The five acts are as follows:

Act I: Inciting Incident

The event that becomes a catalyst for everything that follows, the thing which sets the story in motion.

Act II: Development/Turn the screw

We go deeper into the story here and learn more about why the event happened, possibly learn some new insights about the event and the people involved in it that may cast them in new light or confirm what we initially thought. The tension is amped. I use the phrase “Turn the Screw” in reference to Henry James’ novel The Turn of the Screw, a masterpiece of taut psychological and supernatural horror that continues, each chapter, to “turn the screw”, making things worse, with more at stake, and more horror. 

Act III: Peripitea

This is the moment where our protagonist starts to turn the tables and gain the upper hand in some way, whether that be by realising what they need to do, acquiring an object or ally, or just trying harder. This is a moment where the “good guys” strike back.

Act IV: Anagnorisis

A revelation, some new information comes to light that changes everything. This would be the “I am your father” moment in Empire Strikes Back, or the “I am your mother” moment in Sophocles’ play Oedipus Rex.

Act V: Catharsis

The story reaches its climax and denouement. Something is lost, so that something can be gained. We experience the negative emotions, the suffering, of the protagonist as our own and then are freed from this negative emotion in a moment of sublimity. If this all sounds a bit technical, just think of an ending to a film, book, story, that really moved you at a deep level. This is the catharsis.

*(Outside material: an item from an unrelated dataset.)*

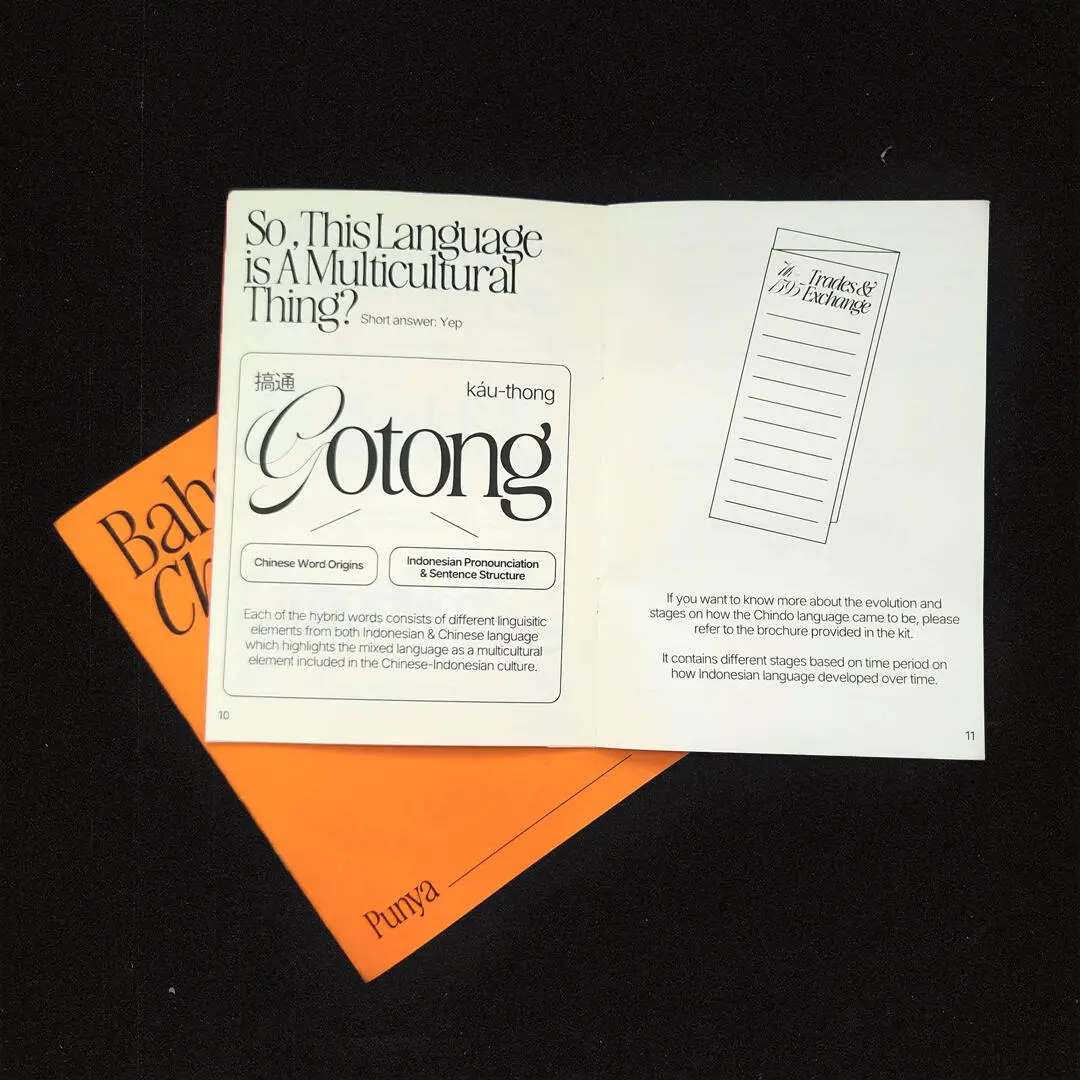 A project by Angella Carles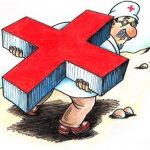 Региональное отделение «Альянса врачей» объявило об «итальянской забастовке»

Optional Extra: Resolution

Though this is not technically required, most stories have a resolution following the catharsis, a kind of epilogue. This is not a specific act, as it is normally very brief and is disconnected from the central narrative in some way (it takes place years afterwards, or is written from a different perspective). This is the rounding up of things, tying off of loose ends.

EXAMPLE

Let me give you a couple of examples, so you can get the hang on it.

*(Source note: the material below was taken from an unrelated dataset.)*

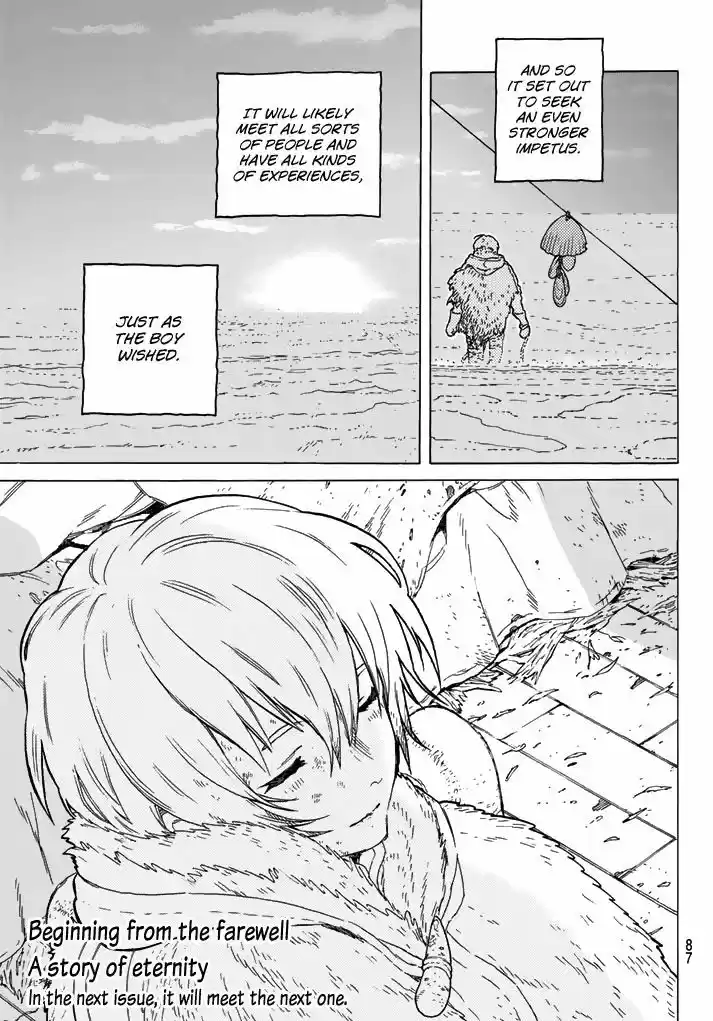 To You, The Immortal 1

Let’s look at a Gothic/Horror film most of us will have seen (though it’s totally okay if you haven’t): Blade Runner. This has five clear acts.

Act 1, we are introduced to the concept of replicants in that iconic opening scene with Detective Holden interviewing Leon Kowalski. We are also introduced to Deckard (Harrison Ford), eating at a Japanese noodle bar, though not for long, because he is arrested. The first thing we see is a replicant struggling to improvise and imagine, the subtle difference between human and robot, which is tremendously foreshadowing and significant of what will follow. Leon Kowalski’s attack / breakdown is the “inciting incident” that causes Deckard to be summoned to the office to track down the other rogue replicants, led by Roy Batty (Rutger Hauer).

Act 2, Deckard learns about his opponent from his former boss Bryant: Roy and his gang are Nexus-6 replicants, believed to be advanced enough that they may have developed emotions, which might make them harder to detect via VK testing. The scientists designed the Nexus-6s to have only a four-year lifespan. Bryant sends Deckard to Tyrell Corp.’s headquarters to rest the VK machine on a Nexus-6 model. It is here he meets Rachel (Sean Young), a Nexus-6 model so advanced she has memories, and doesn’t know she is a replicant. Meanwhile, Roy, Leon, Pris and other characters forward their schemes, recruiting the “toy maker” Sebastian responsible for much of their code, and gaining equipment needed to enact their plan.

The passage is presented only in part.